Collected data:
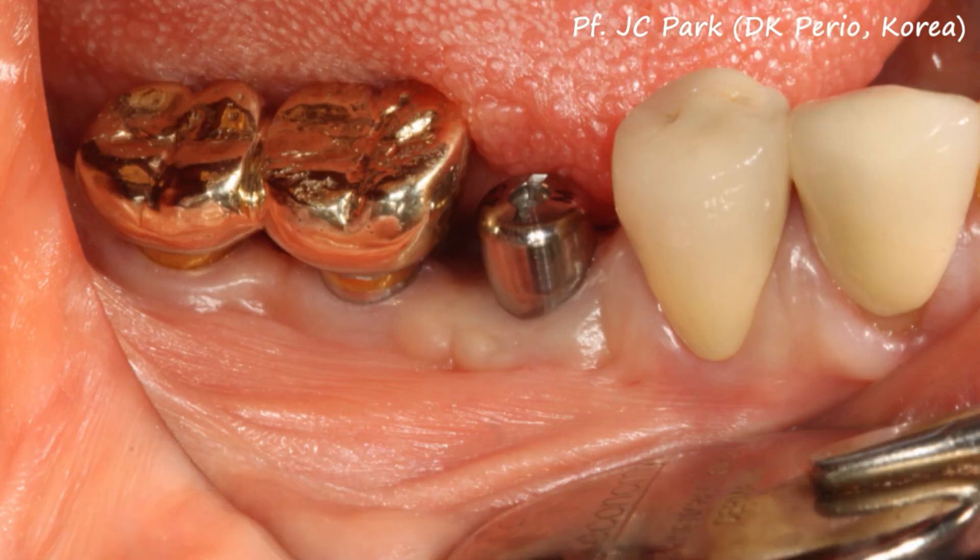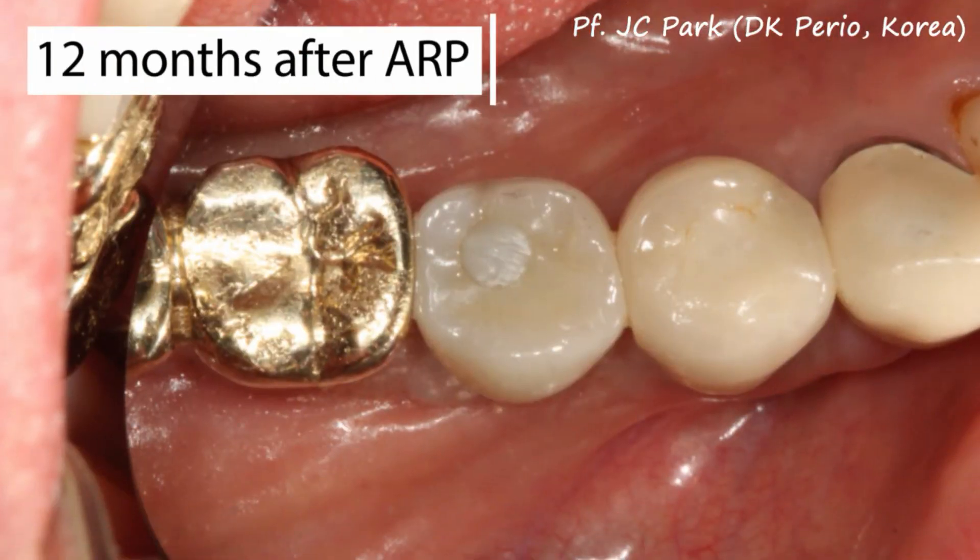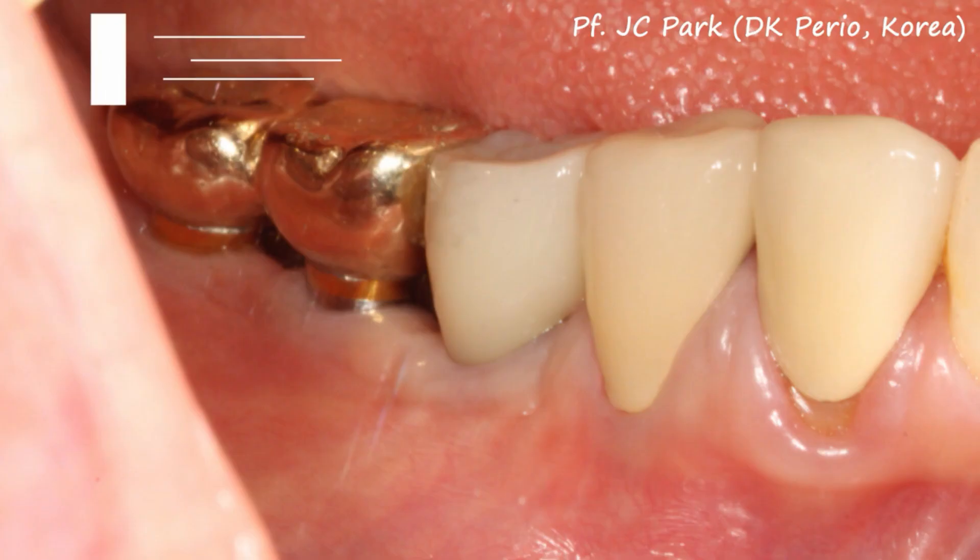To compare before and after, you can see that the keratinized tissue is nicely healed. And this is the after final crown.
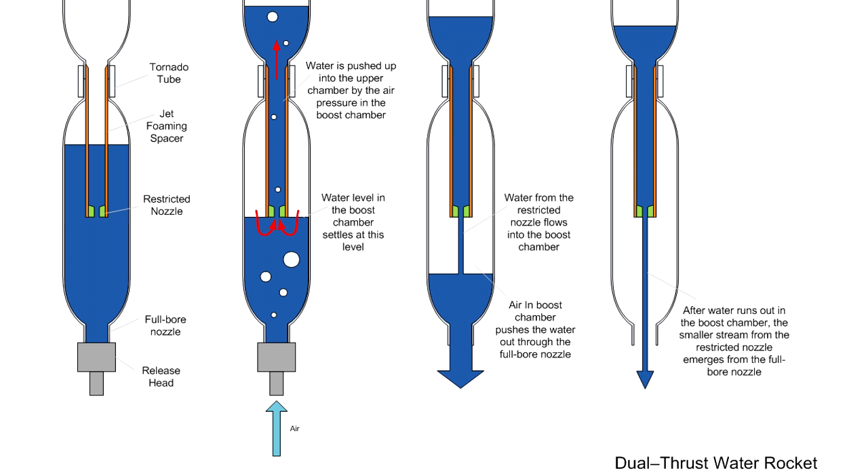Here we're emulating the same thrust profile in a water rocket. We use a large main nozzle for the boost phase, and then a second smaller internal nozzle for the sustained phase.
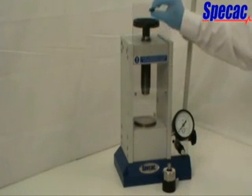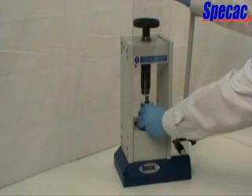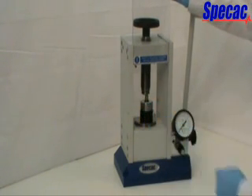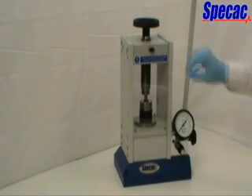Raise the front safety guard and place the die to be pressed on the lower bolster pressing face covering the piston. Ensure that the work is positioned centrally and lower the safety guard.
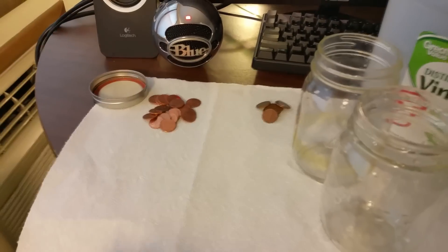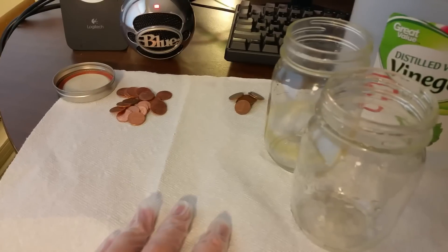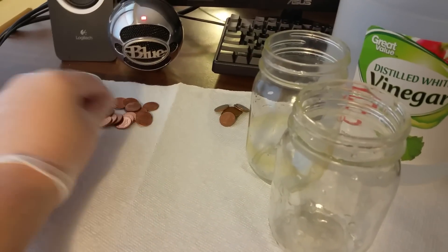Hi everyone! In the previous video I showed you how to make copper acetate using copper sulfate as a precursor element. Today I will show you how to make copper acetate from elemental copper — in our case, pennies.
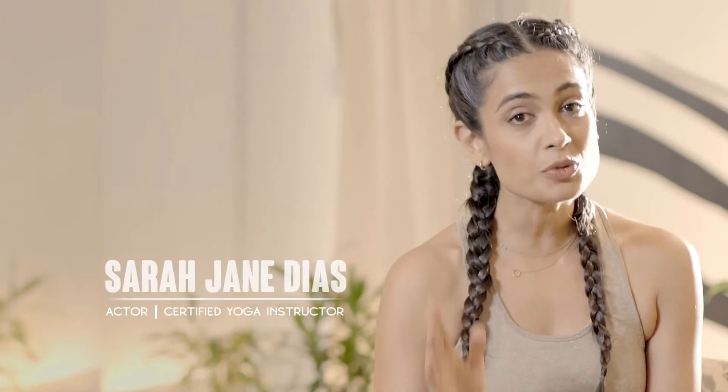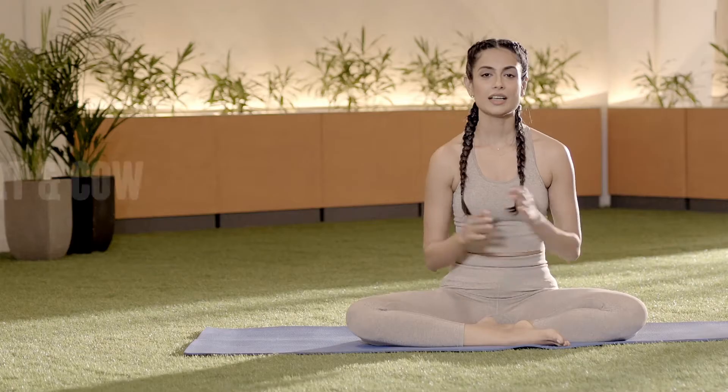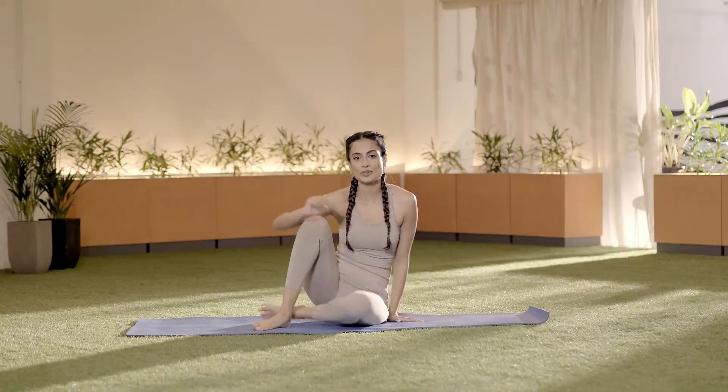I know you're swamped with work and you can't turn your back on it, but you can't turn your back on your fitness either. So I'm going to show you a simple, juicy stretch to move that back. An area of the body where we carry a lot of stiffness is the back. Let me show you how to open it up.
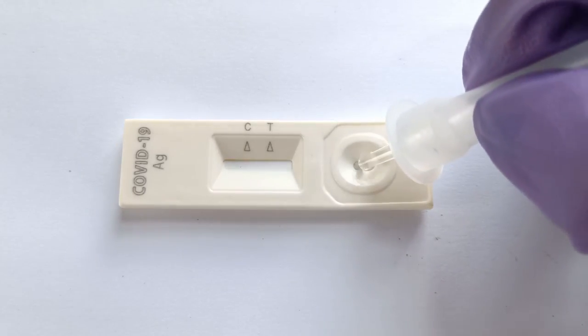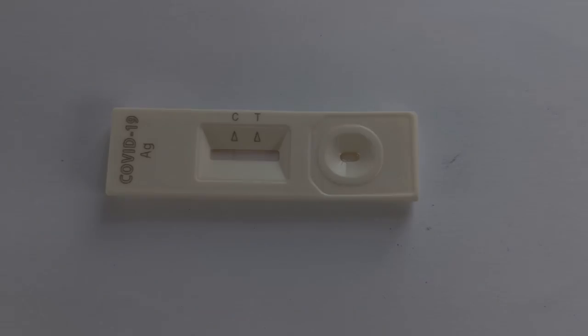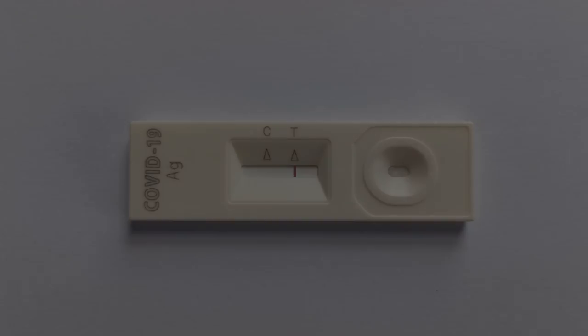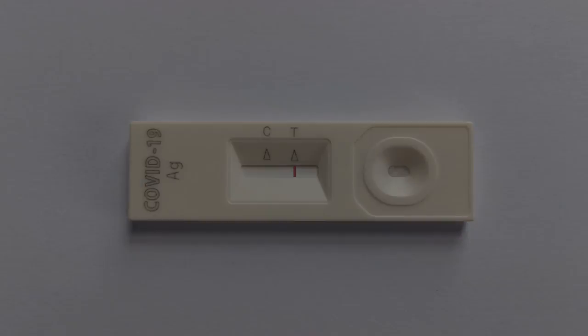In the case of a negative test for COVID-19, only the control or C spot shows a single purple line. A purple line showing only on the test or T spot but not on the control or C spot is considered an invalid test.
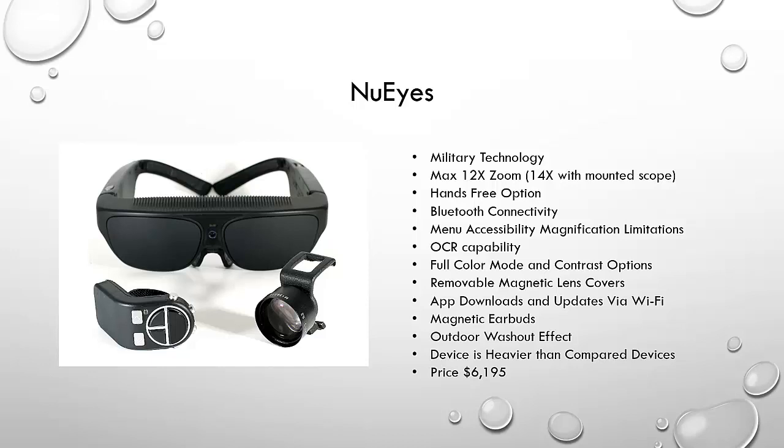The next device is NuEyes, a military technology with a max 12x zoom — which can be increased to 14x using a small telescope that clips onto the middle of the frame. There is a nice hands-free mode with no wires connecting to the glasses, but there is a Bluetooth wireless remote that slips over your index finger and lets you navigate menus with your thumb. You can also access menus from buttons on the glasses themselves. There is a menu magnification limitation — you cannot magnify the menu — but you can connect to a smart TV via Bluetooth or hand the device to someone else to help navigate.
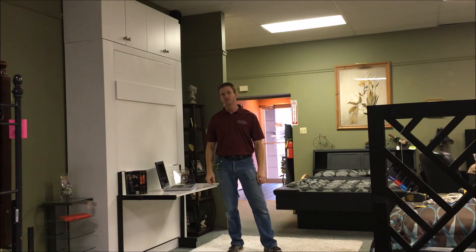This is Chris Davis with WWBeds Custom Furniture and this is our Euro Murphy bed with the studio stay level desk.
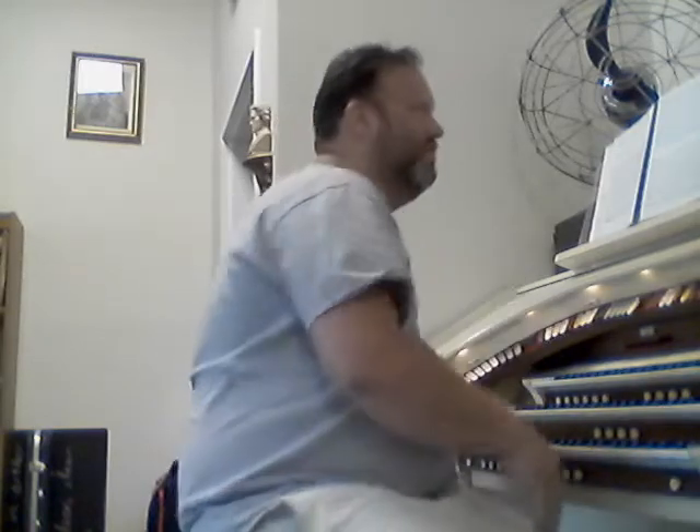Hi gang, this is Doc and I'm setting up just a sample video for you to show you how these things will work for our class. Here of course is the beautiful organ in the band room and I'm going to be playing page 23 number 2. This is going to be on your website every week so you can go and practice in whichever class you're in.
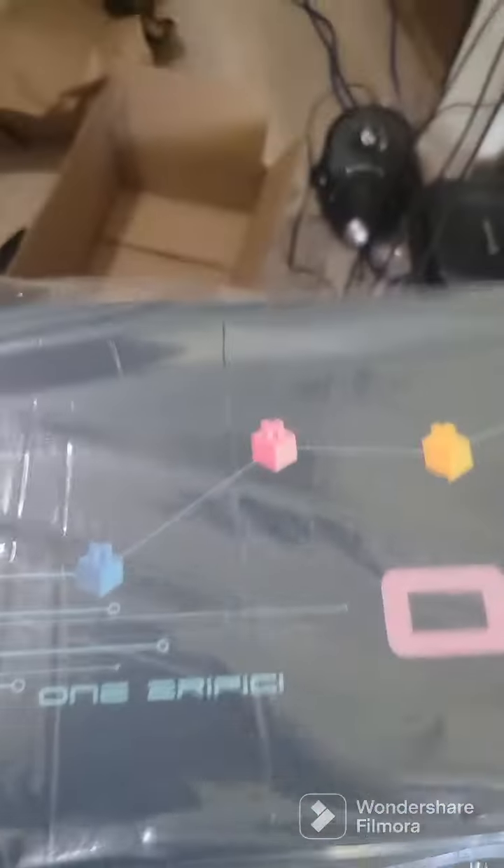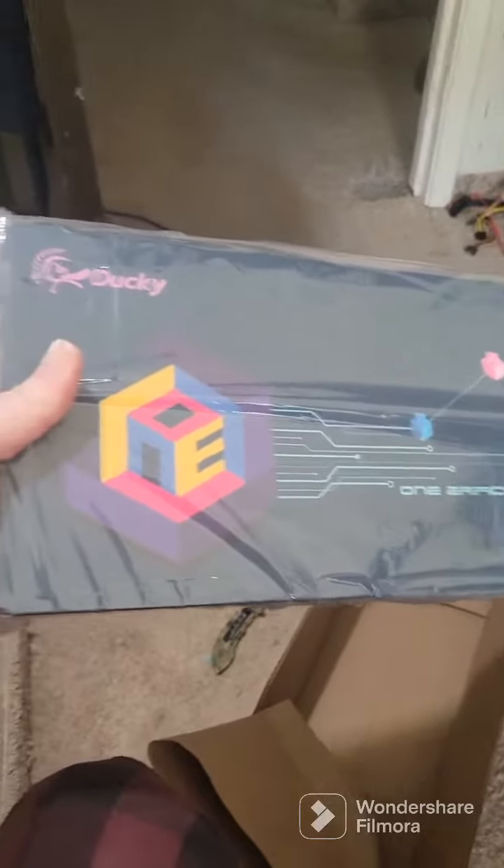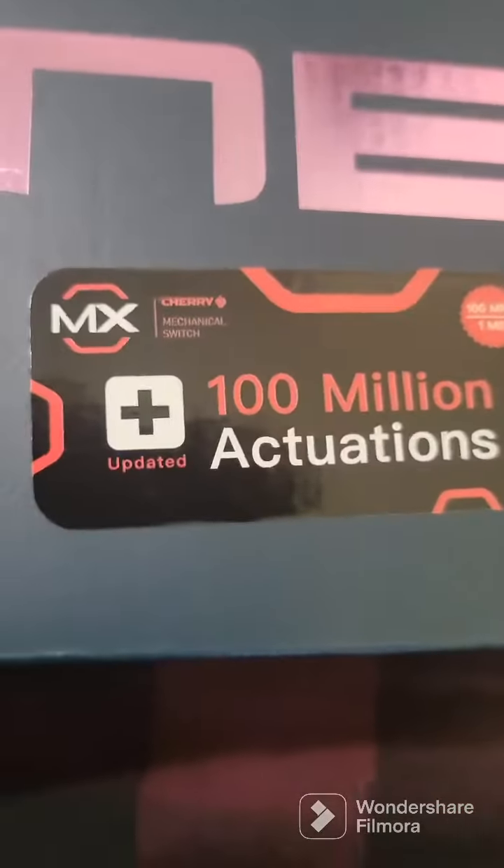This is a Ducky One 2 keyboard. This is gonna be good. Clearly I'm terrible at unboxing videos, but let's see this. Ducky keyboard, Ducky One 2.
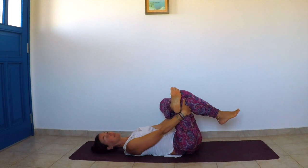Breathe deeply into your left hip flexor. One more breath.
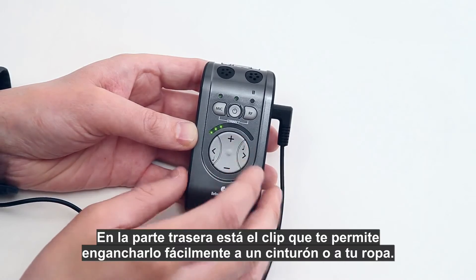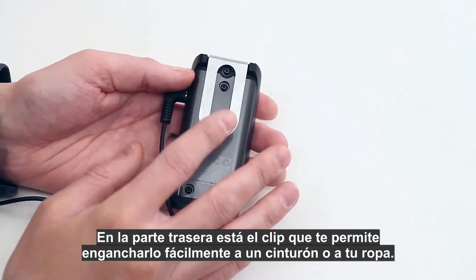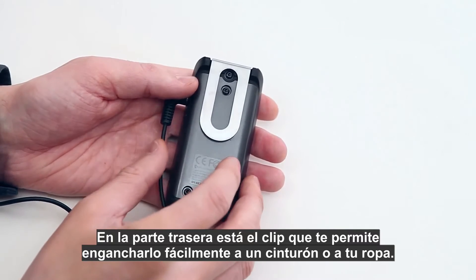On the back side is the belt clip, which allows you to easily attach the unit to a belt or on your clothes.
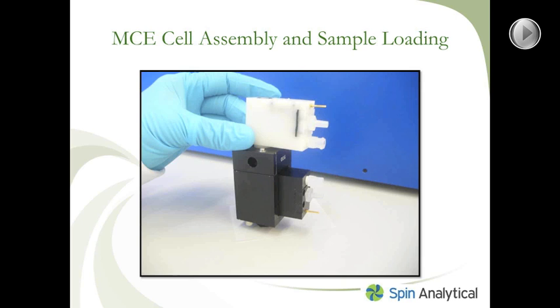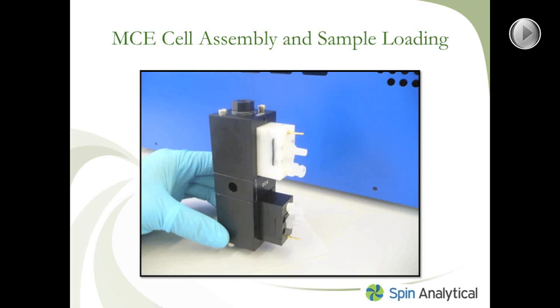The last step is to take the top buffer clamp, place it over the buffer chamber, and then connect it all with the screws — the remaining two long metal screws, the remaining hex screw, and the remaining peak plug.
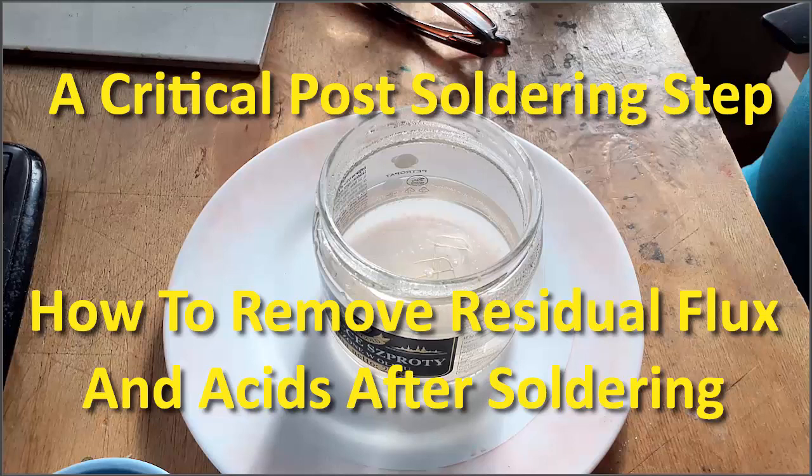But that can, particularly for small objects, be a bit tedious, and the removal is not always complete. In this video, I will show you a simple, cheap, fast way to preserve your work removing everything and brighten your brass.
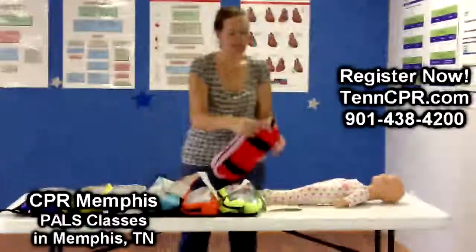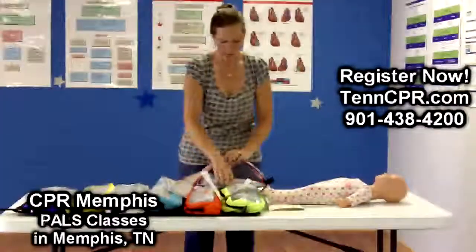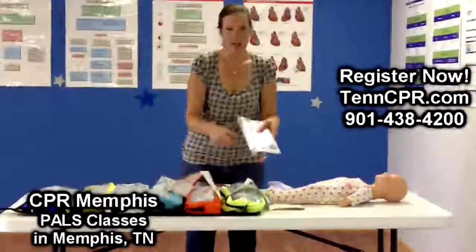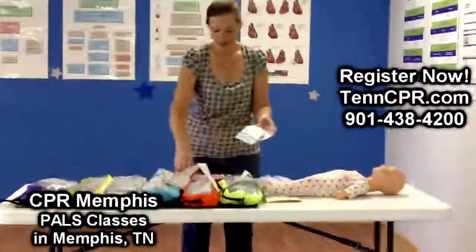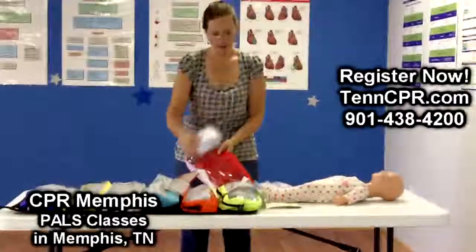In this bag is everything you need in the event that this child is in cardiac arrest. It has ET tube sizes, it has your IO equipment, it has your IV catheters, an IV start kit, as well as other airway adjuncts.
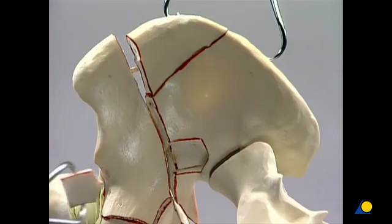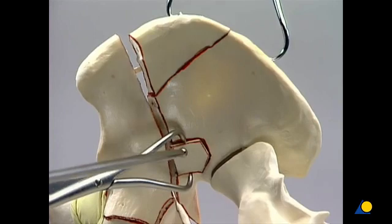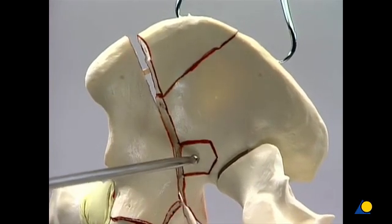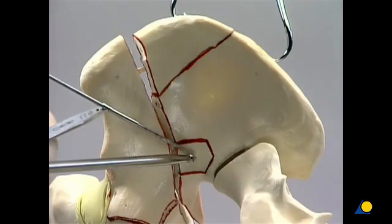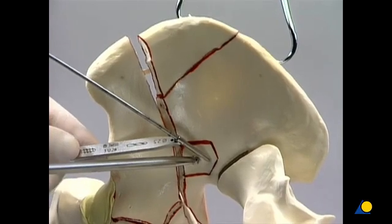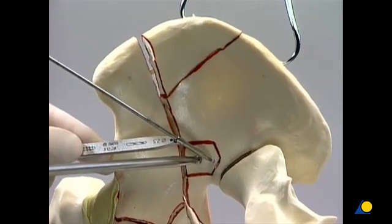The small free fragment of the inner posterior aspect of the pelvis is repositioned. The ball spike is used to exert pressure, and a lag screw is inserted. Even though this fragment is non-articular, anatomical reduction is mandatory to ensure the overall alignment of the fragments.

■ Exercise brief
Return the lines exactly as they stand, from the start of the entries through the line holding "In the case"; omit the pictures.

■ Response to this exercise
To compare before and after, you can see that the keratinized tissue is nicely healed. And this is the after final crown.
Here we're emulating the same thrust profile in a water rocket. We use a large main nozzle for the boost phase, and then a second smaller internal nozzle for the sustained phase.
Raise the front safety guard and place the die to be pressed on the lower bolster pressing face covering the piston. Ensure that the work is positioned centrally and lower the safety guard.
Hi everyone! In the previous video I showed you how to make copper acetate using copper sulfate as a precursor element. Today I will show you how to make copper acetate from elemental copper — in our case, pennies.
I know you're swamped with work and you can't turn your back on it, but you can't turn your back on your fitness either. So I'm going to show you a simple, juicy stretch to move that back. An area of the body where we carry a lot of stiffness is the back. Let me show you how to open it up.
In the case of a negative test for COVID-19, only the control or C spot shows a single purple line. A purple line showing only on the test or T spot but not on the control or C spot is considered an invalid test.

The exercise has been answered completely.